I help run an IRC network, and, with the fact that we have multiple servers, we use round robin at the DNS level to assign people to servers. We use letsencrypt for the ssl, and have the following issues:
When creating a certificate, it is extremely hard to get a certificate created, because seemingly 19/20 times, letsencrypt hits the wrong server in the round robin. I don’t know if this has to do with caching or what, but we only have about 6 servers or so, and I know there could be clients with much more, so this could be an even bigger issue.
The same happens when renewing, since it has to re-authenticate, the cert, more often than not, fails to renew properly.

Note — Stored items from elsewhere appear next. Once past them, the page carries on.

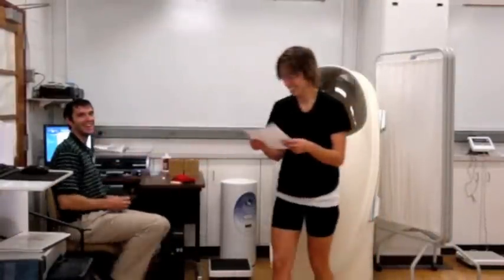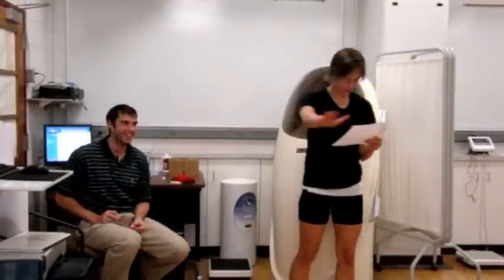This completes the measurement procedure and results for percent fat and fat free mass are displayed.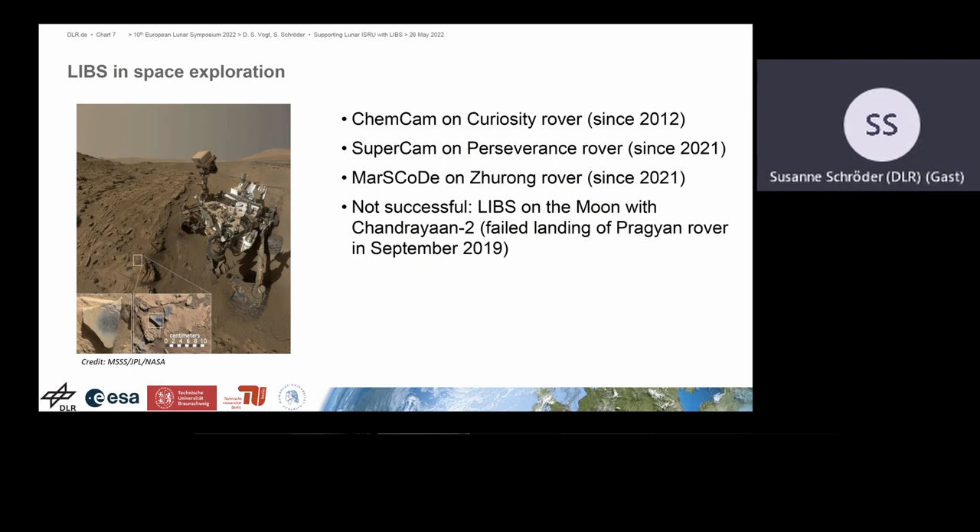LIPS is not really new for space exploration. There are currently three LIPS instruments active on the surface of Mars. The ChemCam on the Curiosity rover has been there since 2012 — it was the first one. It is followed by the SuperCam instrument suite, which also uses LIPS among other techniques on the Perseverance rover, active since last year. There is also a LIPS on the Chinese rover. There was already a first LIPS planned for the Moon and developed, but unfortunately the Indian rover did not make the landing, so that would have been the first LIPS for the Moon.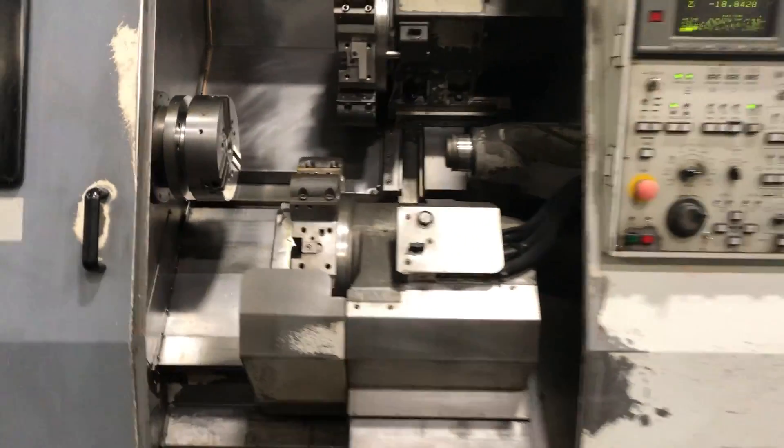All right, you can inspect this machine in our Harrison, New Jersey warehouse. Thanks very much.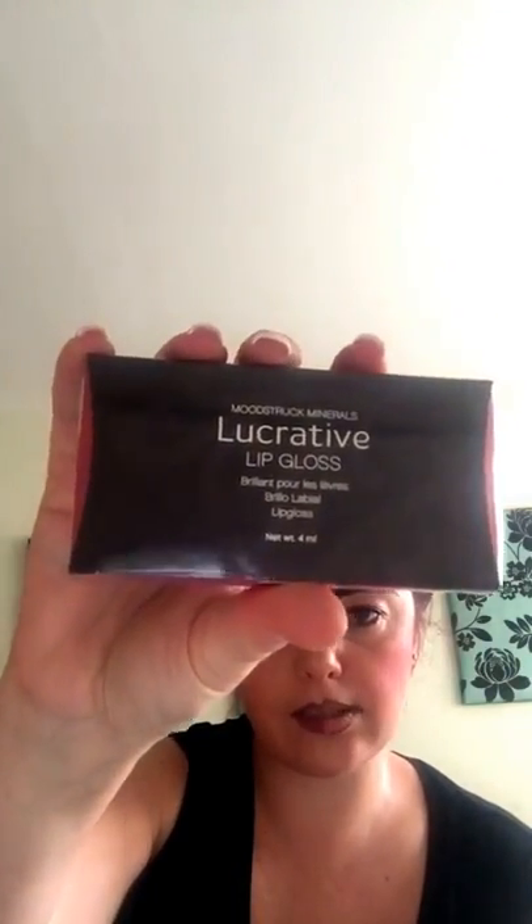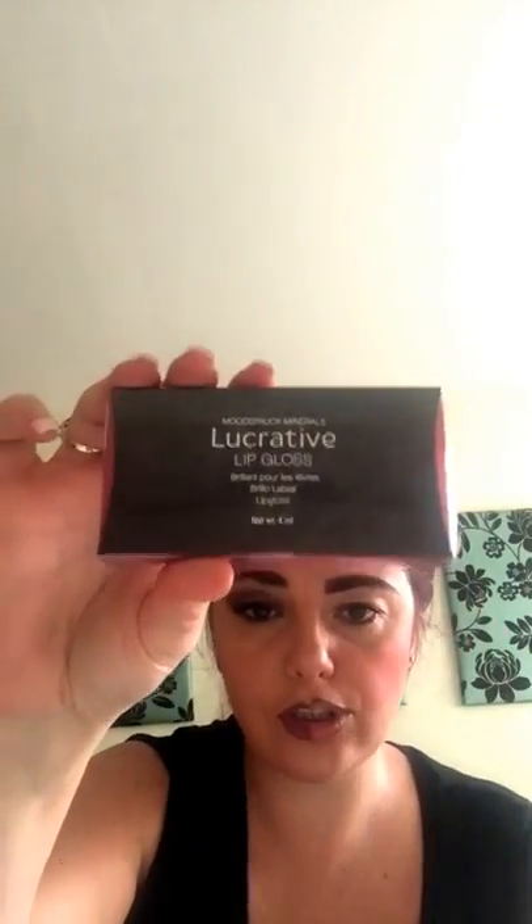Then you've got all your lip glosses — obviously they're only sample sizes but they're gorgeous. How much lip balm do you need? And with the lip stain they'll last for ages.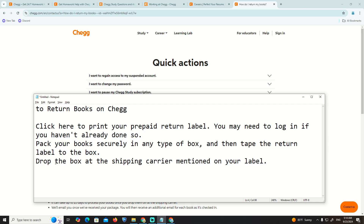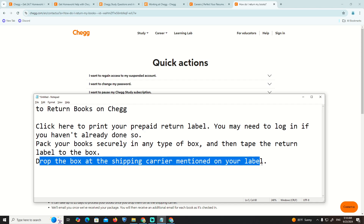Once logged in, package your box securely, then attach the return label to the box. Drop the box off and ship it with the carrier mentioned on your label. And that is all — that's how you return your order on Shein.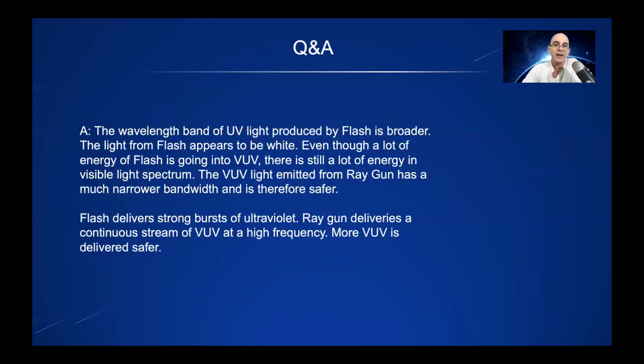The VUV light from RayGun is much narrower in bandwidth and is therefore safer. Flash works a different way as well — it produces very strong bursts of ultraviolet light. But RayGun delivers a continuous stream of VUV at a very high frequency. So more VUV is delivered, but it's delivered in a more safe way.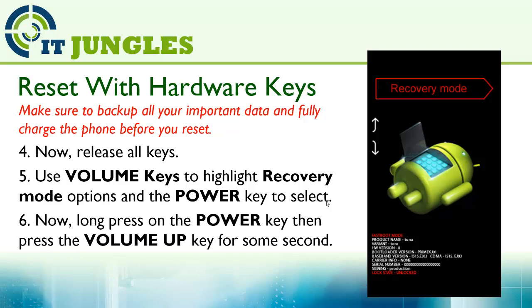Use the volume keys to highlight the recovery mode option and the power key to select. Now long press on the power key, then press on the volume up key for a few seconds.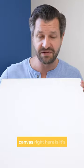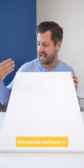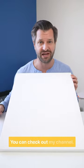The best part about this canvas right here is it's under 10 bucks. You want to learn more about this canvas and have an in-depth review? You can check out my channel.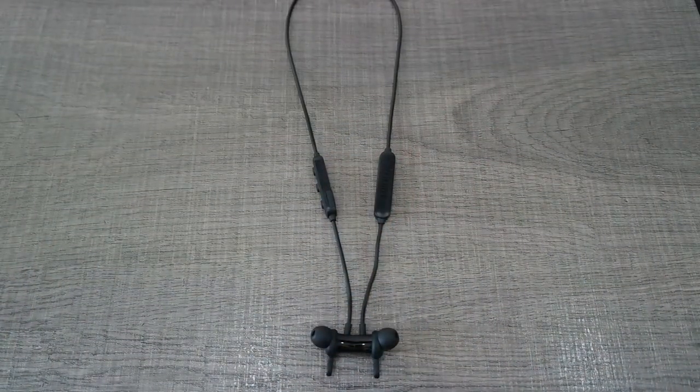The neckband is very lightweight at 16 grams, which makes it a very good choice for sports. Also, Edifier has a mobile application for both Android and iOS devices that will help you set up the neckband to your preferred settings.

This makes it hard to do automatically, for example in a cron.
Ever since the rate limits were put in for failed renewals/creations, it has become even harder. Now it often takes me a good 3 or 4 hours’ worth of tries to get it done.
I would propose a solution as follows:
If the certificate contains a name that has only one IP address, only use that IP address for checking, unless --allow-subset-of-names is set. This would make it so, if making or renewing a certificate for irc.example.com and servera.example.com, it would always go to the right server, assuming servera.example.com wasn’t also round robin.
If the dns contains multiple IP’s for all names and/or the --allow-subset-of-names is set with a dns entry with one IP, it may be helpful to try all IP’s in the dns. I know this would add an additional workload, but it’s the only way I can think of to properly handle round robin.
Just my thoughts, and perhaps we can have a little discussion to flesh it out a little more. I just know that, with rounb robin – a fully supported feature of DNS – and letsencrypt using web verification by default, this really needs to be addressed.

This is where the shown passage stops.